A paper published in the March edition of the Journal of the American Heart Association (JAHA) denouncing affirmative action policies in the medical field has been retracted by the journal’s Editor-in-Chief and the AHA. The discriminative content of the article seemed to go largely unnoticed until this month when Norman C. Wang, MD, MSc, an electrophysiologist at the University of Pittsburgh Medical Center, Pittsburgh, Pennsylvania, who wrote the paper, was suddenly slammed on Twitter as being “racist.”

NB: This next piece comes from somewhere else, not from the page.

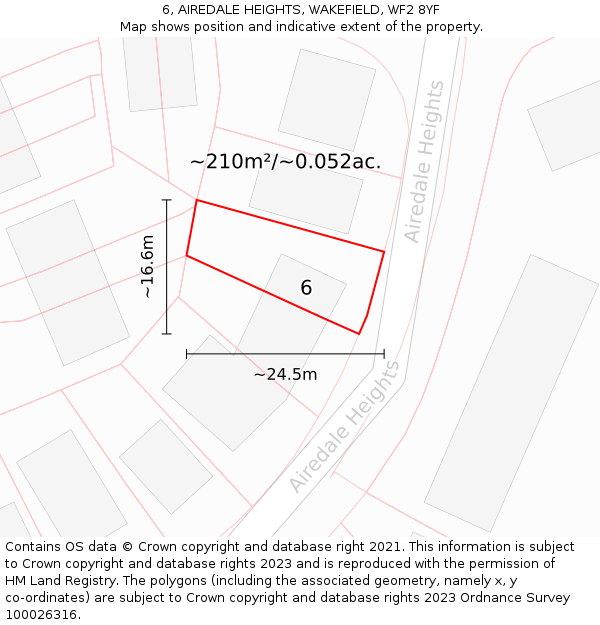 6, AIREDALE HEIGHTS, WAKEFIELD, WF2 8YF: Plot and title map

The AHA article, titled “Diversity, Inclusion, and Equity: Evolution of Race and Ethnicity Considerations for the Cardiology Workforce in the United States of America From 1969 to 2019,” was meant to be a detailed overview of equity and inclusion practices to “critically assess current paradigms, and to consider potential solutions to anticipated challenges,” according to Wang. Part of the assessment included statements criticizing the use of affirmative action in medical schools and cardiovascular training programs with a quote from tennis legend Arthur Ashe, who once said, it is “an insult to the people it is intended to help.”

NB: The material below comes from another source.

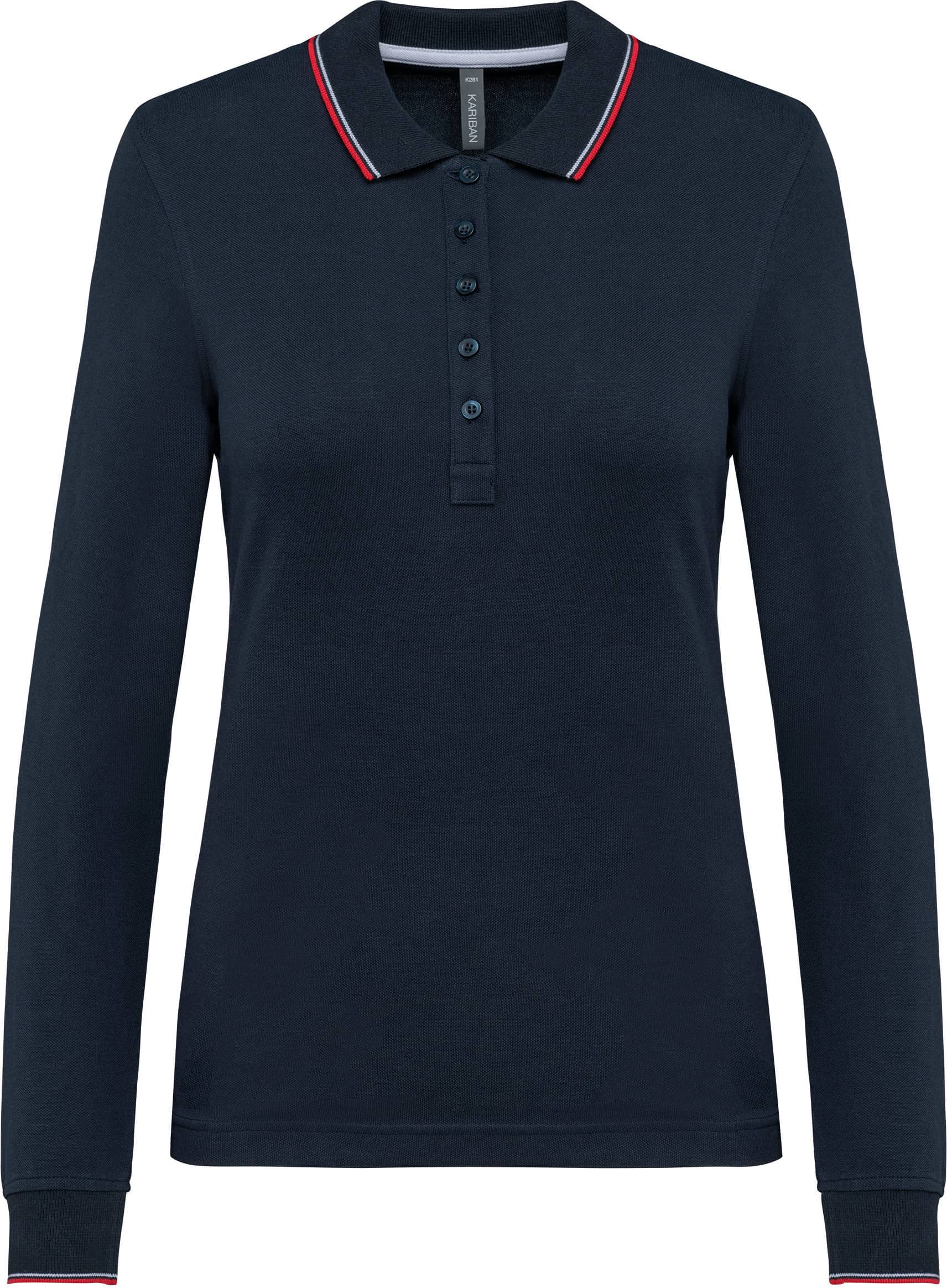 Langarm-Polohemd aus Piqué für Damen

According to Wang, “racial and ethnic preferences for undergraduate and medical school admissions should be gradually rolled back with a target end year of 2028…” He argues that the policies have only led to an increase in underqualified applicants admitted solely on the basis of race who subsequently tend to struggle in the programs. Wang wrote,”Many do not complete their intended programs or do not attain academic success to be attractive candidates for subsequent educational programs or employment.”
Although it is unclear how the article was able to go unnoticed for several months, the AHA said it would immediately retract it after it “became aware of serious concerns after publication. The author’s institution, the University of Pittsburgh Medical Center (UPMC), has notified the Editor‐in‐Chief that the article contains many misconceptions and misquotes and that together those inaccuracies, misstatements, and selective misreading of source materials strip the paper of its scientific validity.”
The notice indicated the journal will soon be publishing a rebuttal to the viewpoint expressed in the original. The AHA stated, “This retraction notice will be updated with a link to the rebuttal when it publishes” and the letter further states, “The Editor‐in‐Chief deeply regrets publishing the article and offers his apologies. The American Heart Association and the Editor‐in‐Chief have determined that the best interest of the public and the research community will be served by issuing this notice of retraction. The author does not agree to the retraction.”
“This article is shocking and makes me sad,” Martha Gulati, MD, University of Arizona, Phoenix, said. “We are all working so hard to make cardiology more inclusive and diverse, and this takes us like 1000 steps backwards.” She added, “The analysis was selective and incorrect, and the statements made intimate that minority trainees were selected based on affirmative action rather than their merits.”
“This is a standard argument of opponents to affirmative action,” said Quinn Capers IV, MD, an interventional cardiologist and the vice dean for faculty affairs at Ohio State University College of Medicine, Columbus. “This is the strongest weapon opponents to affirmative action have, and they keep coming back to it, but it’s out of step with how many in academic medicine feel. Standardized tests and academic records are important, but so are the experiences one has gone through and the individual attributes they may have. How resilient are you? How compassionate? Our embrace of this more holistic approach, I believe, is helping many medical schools move toward having a more diverse class that is closer to reflecting the needs of our multicultural and multiracial society.”